What you will do:
Print exactly the lines from the line with "Παιδική Ζακέτα Φούτερ Navy Μπλε Lacoste" to the last line of the data, please, both included.
Segment Open
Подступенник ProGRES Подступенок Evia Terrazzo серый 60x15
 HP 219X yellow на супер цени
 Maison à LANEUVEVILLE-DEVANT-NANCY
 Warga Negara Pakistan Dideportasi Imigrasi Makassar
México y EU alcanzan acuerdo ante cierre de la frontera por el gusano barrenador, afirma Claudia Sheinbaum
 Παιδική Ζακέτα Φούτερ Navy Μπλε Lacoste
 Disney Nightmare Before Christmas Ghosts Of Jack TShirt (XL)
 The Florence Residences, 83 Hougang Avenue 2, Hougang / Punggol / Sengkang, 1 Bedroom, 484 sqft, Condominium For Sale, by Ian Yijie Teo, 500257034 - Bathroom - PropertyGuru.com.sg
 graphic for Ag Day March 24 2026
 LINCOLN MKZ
Segment Closed
Response:
 Παιδική Ζακέτα Φούτερ Navy Μπλε Lacoste
 Disney Nightmare Before Christmas Ghosts Of Jack TShirt (XL)
 The Florence Residences, 83 Hougang Avenue 2, Hougang / Punggol / Sengkang, 1 Bedroom, 484 sqft, Condominium For Sale, by Ian Yijie Teo, 500257034 - Bathroom - PropertyGuru.com.sg
 graphic for Ag Day March 24 2026
 LINCOLN MKZ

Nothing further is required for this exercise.